▽

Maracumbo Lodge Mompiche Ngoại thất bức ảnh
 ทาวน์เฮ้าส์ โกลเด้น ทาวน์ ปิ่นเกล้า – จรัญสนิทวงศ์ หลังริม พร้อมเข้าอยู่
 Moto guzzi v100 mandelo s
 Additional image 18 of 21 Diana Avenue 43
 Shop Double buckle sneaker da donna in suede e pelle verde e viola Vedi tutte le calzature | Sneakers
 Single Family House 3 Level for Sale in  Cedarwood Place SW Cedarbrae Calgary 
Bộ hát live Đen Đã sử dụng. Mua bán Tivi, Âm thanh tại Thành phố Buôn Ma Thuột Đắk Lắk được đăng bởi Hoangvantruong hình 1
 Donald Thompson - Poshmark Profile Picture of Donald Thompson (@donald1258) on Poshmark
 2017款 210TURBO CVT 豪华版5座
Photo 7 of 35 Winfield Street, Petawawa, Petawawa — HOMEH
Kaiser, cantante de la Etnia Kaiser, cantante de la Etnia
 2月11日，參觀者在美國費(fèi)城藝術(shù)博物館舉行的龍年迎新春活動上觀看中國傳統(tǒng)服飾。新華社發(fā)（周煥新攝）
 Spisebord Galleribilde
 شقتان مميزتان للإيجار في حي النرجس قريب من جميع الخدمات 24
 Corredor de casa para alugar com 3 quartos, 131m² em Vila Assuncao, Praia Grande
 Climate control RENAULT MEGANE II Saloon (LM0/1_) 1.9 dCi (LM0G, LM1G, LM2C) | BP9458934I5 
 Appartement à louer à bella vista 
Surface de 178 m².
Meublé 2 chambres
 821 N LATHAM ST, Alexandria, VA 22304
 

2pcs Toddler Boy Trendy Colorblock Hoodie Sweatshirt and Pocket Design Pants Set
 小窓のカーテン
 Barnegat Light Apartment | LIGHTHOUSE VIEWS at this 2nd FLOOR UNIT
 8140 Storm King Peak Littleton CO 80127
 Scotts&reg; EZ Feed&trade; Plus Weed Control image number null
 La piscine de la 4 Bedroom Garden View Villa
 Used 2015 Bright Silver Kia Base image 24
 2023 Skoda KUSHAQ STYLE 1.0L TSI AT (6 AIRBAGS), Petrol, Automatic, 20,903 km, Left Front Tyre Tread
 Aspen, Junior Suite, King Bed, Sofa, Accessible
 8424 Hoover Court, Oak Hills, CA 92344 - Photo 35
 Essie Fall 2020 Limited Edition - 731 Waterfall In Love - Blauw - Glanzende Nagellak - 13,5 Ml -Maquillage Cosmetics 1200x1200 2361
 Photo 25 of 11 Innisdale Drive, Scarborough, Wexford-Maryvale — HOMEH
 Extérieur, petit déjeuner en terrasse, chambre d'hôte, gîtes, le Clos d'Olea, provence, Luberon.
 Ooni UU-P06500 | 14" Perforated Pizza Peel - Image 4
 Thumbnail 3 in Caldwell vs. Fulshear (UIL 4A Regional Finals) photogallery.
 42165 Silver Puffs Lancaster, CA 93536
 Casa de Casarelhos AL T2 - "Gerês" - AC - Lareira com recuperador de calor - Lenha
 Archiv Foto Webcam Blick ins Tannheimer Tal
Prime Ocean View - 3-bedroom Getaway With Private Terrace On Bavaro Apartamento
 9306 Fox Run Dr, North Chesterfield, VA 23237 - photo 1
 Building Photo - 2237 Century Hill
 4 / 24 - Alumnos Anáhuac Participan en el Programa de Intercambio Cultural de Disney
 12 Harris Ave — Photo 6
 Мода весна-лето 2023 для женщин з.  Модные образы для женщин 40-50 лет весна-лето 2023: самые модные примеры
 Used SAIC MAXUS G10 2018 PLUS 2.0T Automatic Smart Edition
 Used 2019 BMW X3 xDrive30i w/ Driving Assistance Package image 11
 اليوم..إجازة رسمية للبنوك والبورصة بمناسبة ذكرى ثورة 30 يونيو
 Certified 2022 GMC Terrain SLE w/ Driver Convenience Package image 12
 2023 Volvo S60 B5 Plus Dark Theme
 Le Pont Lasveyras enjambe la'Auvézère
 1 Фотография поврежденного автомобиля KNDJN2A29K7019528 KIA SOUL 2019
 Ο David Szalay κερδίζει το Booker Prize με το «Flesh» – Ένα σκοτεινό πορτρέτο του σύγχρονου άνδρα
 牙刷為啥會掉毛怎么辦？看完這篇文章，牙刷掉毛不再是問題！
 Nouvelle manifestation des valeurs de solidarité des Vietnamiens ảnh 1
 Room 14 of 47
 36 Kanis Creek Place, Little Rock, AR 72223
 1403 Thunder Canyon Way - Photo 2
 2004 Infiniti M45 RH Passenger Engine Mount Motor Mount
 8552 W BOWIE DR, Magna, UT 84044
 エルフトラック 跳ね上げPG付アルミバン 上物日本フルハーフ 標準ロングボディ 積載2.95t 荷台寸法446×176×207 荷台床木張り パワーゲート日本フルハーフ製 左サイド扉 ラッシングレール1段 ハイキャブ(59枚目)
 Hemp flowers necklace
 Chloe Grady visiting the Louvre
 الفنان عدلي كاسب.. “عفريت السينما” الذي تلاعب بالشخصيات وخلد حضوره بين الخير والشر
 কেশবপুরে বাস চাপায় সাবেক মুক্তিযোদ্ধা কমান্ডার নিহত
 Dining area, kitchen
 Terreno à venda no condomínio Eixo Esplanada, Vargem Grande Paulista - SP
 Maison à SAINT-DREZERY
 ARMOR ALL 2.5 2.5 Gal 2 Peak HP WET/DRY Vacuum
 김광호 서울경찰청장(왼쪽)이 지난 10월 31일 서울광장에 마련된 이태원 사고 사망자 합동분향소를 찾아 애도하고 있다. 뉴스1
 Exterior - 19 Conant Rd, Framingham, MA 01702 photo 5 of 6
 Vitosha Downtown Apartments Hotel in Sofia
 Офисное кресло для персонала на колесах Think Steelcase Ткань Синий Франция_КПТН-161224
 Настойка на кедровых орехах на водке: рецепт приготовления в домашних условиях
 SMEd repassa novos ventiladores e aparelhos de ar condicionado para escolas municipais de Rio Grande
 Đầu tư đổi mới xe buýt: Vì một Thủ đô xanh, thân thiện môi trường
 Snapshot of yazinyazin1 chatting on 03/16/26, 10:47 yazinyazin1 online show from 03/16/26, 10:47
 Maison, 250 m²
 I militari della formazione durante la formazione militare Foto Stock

△

What is the number of lines in the material above that include "King"? Answer with the number only.

ANSWER FOR THE TASK |
2